Comments Locked

14 Comments

Back to Article

  • Count Rushmore - Wednesday, July 17, 2019 - link

    I wonder which company ( or person) would buy those with AMD Threadripper II in the horizon
  • Kevin G - Wednesday, July 17, 2019 - link

    Those that have existing service contracts with HP, need the software vendor certification of select workstations and/or can't wait for the Threadripper updates that are on the horizon. Not all purchasing decisions come down to the hardware.
  • 12345 - Wednesday, July 17, 2019 - link

    Yeah it took more almost a year after 2nd gen Ryzen came out before they were in an entry level HP workstation that was actually in stock.
  • azrael- - Thursday, July 18, 2019 - link

    I guess you're thinking about the EliteDesk 705 G4 "Workstation". I put the last bit in citation marks because even *this* version doesn't support ECC memory. A workstation without ECC support is a workstation in name only.

    To be brutally honest I don't get why we don't much more Ryzen-based competition to Intel Xeon E-based workstations like HP's Z2 or Dell's Precision 3630. ECC is already baked into Ryzen and you get exceptional performance for a much lower price.
  • 12345 - Wednesday, July 17, 2019 - link

    You mean threadripper 3? Threadripper 2 has been out for a year already.
  • azrael- - Thursday, July 18, 2019 - link

    Technically, what you're calling Threadripper 2 isn't Threadripper 2, but rather the Threadripper 2000 series, built on Zen+. The next iteration of Threadripper (the 3000 series) will be built on Zen 2.

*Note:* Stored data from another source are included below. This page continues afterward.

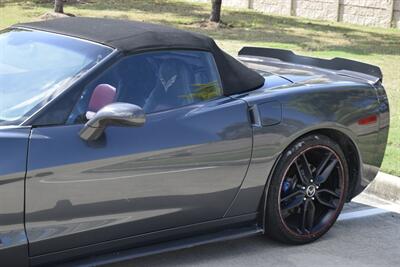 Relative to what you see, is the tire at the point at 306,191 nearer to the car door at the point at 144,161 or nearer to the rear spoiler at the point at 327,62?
the car door at the point at 144,161

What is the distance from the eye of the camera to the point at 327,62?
558 cm

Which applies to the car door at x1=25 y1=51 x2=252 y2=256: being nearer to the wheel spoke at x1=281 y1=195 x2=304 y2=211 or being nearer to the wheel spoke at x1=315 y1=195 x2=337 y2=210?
the wheel spoke at x1=281 y1=195 x2=304 y2=211

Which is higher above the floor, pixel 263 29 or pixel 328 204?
pixel 263 29

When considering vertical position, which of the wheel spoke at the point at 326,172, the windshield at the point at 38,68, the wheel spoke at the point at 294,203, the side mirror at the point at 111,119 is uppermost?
the windshield at the point at 38,68

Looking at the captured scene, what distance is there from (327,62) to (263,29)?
42.3ft

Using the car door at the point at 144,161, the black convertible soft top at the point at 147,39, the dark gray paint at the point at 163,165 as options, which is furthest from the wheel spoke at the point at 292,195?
the black convertible soft top at the point at 147,39

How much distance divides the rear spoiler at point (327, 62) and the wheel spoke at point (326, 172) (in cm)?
85

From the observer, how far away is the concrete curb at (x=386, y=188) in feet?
19.2

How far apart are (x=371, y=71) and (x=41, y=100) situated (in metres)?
2.81

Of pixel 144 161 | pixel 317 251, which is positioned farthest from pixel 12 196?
pixel 317 251

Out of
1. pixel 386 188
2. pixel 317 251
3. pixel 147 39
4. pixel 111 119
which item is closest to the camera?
pixel 111 119

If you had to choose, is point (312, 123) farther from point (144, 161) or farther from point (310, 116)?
point (144, 161)

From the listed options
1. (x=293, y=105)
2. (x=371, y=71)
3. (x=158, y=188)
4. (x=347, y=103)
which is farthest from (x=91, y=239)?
(x=371, y=71)

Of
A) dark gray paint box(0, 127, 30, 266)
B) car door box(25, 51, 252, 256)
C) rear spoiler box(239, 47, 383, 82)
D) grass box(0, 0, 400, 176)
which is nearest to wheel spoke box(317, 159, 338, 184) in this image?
car door box(25, 51, 252, 256)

    In a way, you're both correct ...and both wrong.
  • yetanotherhuman - Thursday, July 18, 2019 - link

    *III
  • Xenith Systems - Thursday, July 18, 2019 - link

    AMD is not yet stable and reliable enough to put into a professional environment where reliability and customer support are key... Ryzen and threadripper is a new platform only in its third and second iteration respectively . Just with the launch of 3rd gen it begins to make sense to use it in a professional environment... Yet certain softwares are better optimized for intel platform... And AMD needs to catchup on driver front which will definitely take at least another year.
  • Alistair - Wednesday, July 17, 2019 - link

    Didn't someone say something bonkers about Apple's pricing being in line with HP's workstations? $3114 (not $6000) and you get a 12 core system, not 8, with double the SSD storage of 512GB, all in a dual socket CPU system. Pretty sure the extra 3 grand can cover any deficiencies.
  • tmanini - Wednesday, July 17, 2019 - link

    nope - that is only you that has dredged up the trollish comment. Never once in the article was Apple mentioned. Nor the comment stream (all 5 comments) *sigh*
  • Alistair - Wednesday, July 17, 2019 - link

    i never said in the comments for this article, i was referring to the comments when the Pro was announced
  • CyberWorker12000 - Wednesday, July 17, 2019 - link

    On the website, it looks like the max configurable RAM is actually "768 GB (12 x 64 GB) DDR4-2933 ECC Registered Memory (2 processors)".

    This looks like a solid workstation with most of the latest hardware options. It's great to know these kind of updated models are available when ready to upgrade to a new workstation. Thanks for the post.
  • sandtitz - Wednesday, July 17, 2019 - link

    Sigh. This is very sloppy reporting. Anton, do you do any research when you post these ads?

    HP Z6 G4 is almost 2-year-old model. HP has validated Xeon W CPUs for it, but nothing else is new.

    The link in the article to HP Quickspecs has a summary of changes at the end, and the specs are already at version 16. Feel free to peruse it.

    Reading the Z6 G4 quickspecs (which the author failed to do):
    - can be configured with a single RTX 6000, not dual
    - can be configured with up to a single RTX 8000 48GB
    - can be configured with 56 cores total (2x Xeon Platinum 8x80), not 48 cores
    - can be configured with 768GB of memory (with 2 CPUs), not 384GB

    The Z8 G4 mentioned is spec'd to house a single RTX8000 as well, not four. Only some midrange 3D cards can be installed in a quad configuration.
  • twtech - Wednesday, July 17, 2019 - link

    Some of the CPUs are only supported in a single-socket configuration.